[Saved data entries]
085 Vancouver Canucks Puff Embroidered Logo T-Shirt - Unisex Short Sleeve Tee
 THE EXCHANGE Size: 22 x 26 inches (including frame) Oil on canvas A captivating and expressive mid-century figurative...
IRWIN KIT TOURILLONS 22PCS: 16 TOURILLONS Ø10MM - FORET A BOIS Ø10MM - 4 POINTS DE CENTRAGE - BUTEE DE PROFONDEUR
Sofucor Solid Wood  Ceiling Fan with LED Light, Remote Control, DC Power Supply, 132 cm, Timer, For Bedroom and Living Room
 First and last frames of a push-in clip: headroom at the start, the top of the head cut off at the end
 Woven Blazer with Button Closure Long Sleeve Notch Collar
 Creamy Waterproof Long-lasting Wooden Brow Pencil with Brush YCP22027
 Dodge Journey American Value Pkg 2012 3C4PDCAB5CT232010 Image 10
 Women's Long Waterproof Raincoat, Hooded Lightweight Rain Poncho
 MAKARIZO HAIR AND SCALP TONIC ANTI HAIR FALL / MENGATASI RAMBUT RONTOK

▶ **WHAT THE EXERCISE ASKS**
Write out every entry verbatim.

▶ **REPLY**
085 Vancouver Canucks Puff Embroidered Logo T-Shirt - Unisex Short Sleeve Tee
 THE EXCHANGE Size: 22 x 26 inches (including frame) Oil on canvas A captivating and expressive mid-century figurative...
IRWIN KIT TOURILLONS 22PCS: 16 TOURILLONS Ø10MM - FORET A BOIS Ø10MM - 4 POINTS DE CENTRAGE - BUTEE DE PROFONDEUR
Sofucor Solid Wood  Ceiling Fan with LED Light, Remote Control, DC Power Supply, 132 cm, Timer, For Bedroom and Living Room
 First and last frames of a push-in clip: headroom at the start, the top of the head cut off at the end
 Woven Blazer with Button Closure Long Sleeve Notch Collar
 Creamy Waterproof Long-lasting Wooden Brow Pencil with Brush YCP22027
 Dodge Journey American Value Pkg 2012 3C4PDCAB5CT232010 Image 10
 Women's Long Waterproof Raincoat, Hooded Lightweight Rain Poncho
 MAKARIZO HAIR AND SCALP TONIC ANTI HAIR FALL / MENGATASI RAMBUT RONTOK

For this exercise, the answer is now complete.